Not Till We Are Lost (Bobiverse #5) - I love this series and Dennis Taylor didn’t disappoint with book #5. I can’t wait to see where it goes.
A Tide of Black Steel by Anthony Ryan - This is a fantastic fantasy book from an author I enjoy. The first 150 pages were a bit slow, but once I got the characters and world, I was hooked. He has created an amazing world, and I am looking forward to the sequel this summer.
The Russia House by John le Carre—My brother picked this as his choice for our family book club. It is my first John le Carre book, and I thought it was okay. However, my brother said this book wasn’t as good as his others. I am going to try The Little Drummer Girl next.
I am reading...
Damascus Station (by David McCloskey) - I found this book through Shepherd and picked it for our family book club.

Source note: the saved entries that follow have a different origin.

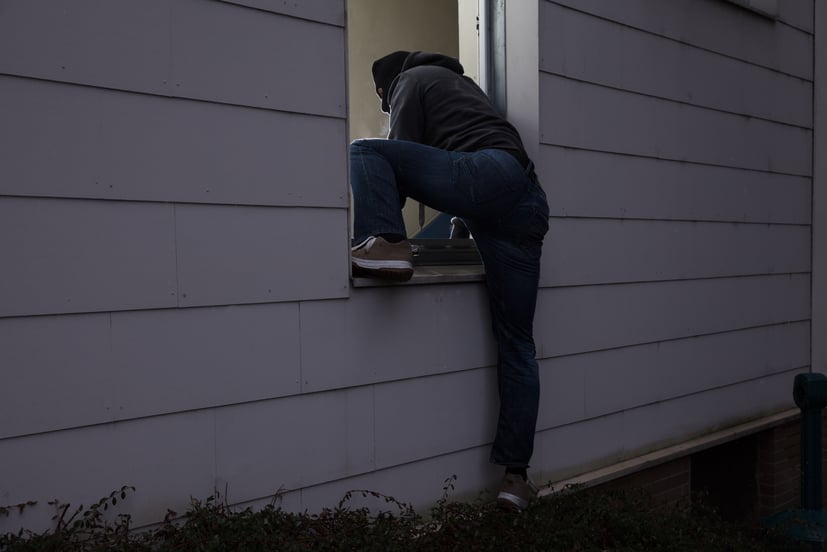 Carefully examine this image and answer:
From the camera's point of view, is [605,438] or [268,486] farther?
[605,438]

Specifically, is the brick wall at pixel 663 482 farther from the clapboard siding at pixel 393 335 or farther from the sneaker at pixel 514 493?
the clapboard siding at pixel 393 335

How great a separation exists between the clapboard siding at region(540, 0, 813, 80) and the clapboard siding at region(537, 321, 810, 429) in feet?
5.58

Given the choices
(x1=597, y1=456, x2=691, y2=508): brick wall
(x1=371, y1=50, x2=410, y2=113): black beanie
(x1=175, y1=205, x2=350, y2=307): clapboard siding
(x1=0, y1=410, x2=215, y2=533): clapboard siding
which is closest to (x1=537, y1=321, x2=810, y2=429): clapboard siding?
(x1=597, y1=456, x2=691, y2=508): brick wall

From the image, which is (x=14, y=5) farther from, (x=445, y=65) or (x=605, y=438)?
(x=605, y=438)

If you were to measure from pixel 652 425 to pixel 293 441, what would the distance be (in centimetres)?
255

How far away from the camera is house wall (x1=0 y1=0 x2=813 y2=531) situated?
2.36m

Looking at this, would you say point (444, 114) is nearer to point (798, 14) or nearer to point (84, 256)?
point (84, 256)

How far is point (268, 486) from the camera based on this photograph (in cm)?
286

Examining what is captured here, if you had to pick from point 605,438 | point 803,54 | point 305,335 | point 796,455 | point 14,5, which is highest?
point 803,54

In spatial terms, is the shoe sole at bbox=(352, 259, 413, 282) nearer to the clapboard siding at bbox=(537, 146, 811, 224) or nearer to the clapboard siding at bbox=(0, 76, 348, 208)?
the clapboard siding at bbox=(0, 76, 348, 208)

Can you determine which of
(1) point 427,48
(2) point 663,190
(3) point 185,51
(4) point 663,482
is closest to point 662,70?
(2) point 663,190

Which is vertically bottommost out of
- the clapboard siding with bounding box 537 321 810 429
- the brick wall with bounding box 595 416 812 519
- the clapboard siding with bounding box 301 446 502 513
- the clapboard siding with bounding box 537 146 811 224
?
the brick wall with bounding box 595 416 812 519

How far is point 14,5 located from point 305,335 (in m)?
1.41

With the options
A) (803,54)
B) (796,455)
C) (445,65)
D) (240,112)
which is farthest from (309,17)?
(796,455) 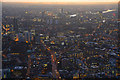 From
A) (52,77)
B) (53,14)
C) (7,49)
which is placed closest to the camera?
(52,77)

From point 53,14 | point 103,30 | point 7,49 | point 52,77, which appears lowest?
point 52,77

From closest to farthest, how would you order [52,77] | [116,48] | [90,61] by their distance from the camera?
1. [52,77]
2. [90,61]
3. [116,48]

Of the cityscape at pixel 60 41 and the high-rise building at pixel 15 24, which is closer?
the cityscape at pixel 60 41

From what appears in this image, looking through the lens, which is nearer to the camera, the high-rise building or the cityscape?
the cityscape

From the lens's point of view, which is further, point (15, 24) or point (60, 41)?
point (15, 24)

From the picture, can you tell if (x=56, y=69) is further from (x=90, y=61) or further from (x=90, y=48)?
(x=90, y=48)

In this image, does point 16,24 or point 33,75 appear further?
point 16,24

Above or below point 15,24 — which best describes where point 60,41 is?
below

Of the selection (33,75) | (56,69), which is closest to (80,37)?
(56,69) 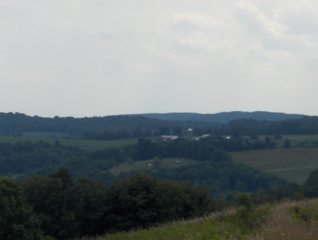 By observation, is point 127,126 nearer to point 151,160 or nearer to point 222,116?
point 222,116

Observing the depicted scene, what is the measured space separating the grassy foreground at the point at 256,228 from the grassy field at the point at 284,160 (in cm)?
5896

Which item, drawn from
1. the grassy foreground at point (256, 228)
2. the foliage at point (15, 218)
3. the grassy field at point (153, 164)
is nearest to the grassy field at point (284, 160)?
the grassy field at point (153, 164)

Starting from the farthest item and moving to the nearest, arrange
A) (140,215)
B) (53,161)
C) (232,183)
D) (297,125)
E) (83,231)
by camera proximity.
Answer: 1. (297,125)
2. (53,161)
3. (232,183)
4. (83,231)
5. (140,215)

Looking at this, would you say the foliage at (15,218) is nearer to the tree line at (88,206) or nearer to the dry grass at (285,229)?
the tree line at (88,206)

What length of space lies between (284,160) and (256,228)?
76112mm

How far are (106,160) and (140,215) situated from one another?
61.4m

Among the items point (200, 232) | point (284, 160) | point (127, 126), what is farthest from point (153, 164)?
point (200, 232)

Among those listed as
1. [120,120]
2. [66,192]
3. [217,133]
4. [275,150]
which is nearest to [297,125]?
[217,133]

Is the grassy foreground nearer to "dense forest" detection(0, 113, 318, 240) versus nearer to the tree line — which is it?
"dense forest" detection(0, 113, 318, 240)

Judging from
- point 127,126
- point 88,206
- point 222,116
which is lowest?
point 88,206

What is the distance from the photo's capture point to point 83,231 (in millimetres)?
32812

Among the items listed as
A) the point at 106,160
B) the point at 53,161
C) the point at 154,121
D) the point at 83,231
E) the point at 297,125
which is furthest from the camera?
the point at 154,121

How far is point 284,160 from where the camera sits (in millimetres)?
89062

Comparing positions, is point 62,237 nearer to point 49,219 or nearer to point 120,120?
point 49,219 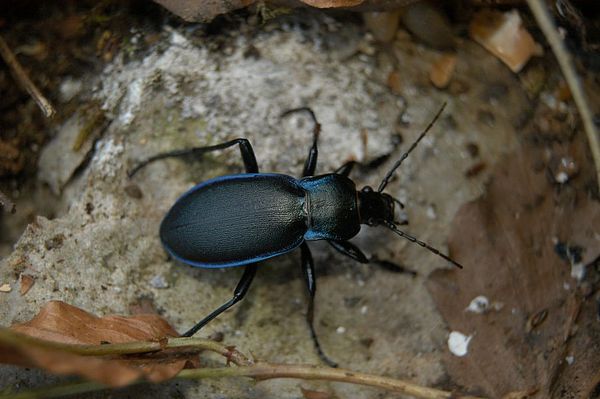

Curious: The Desire to Know and Why Your Future Depends On It (by Ian Leslie) - I am doing some research on curiosity as it is one of the big foundations of Shepherd in the coming years.
The Pillars of the Earth (by Ken Follett) - My best friend recommended this to me back in 2008, and I finally dived in. It is incredibly good, although hard to read at times, as the margin for failure is so small in a world where the powerful rule with absolute authority.
Thanks, Ben
P.S. Biking around one of my favorite places in Spain!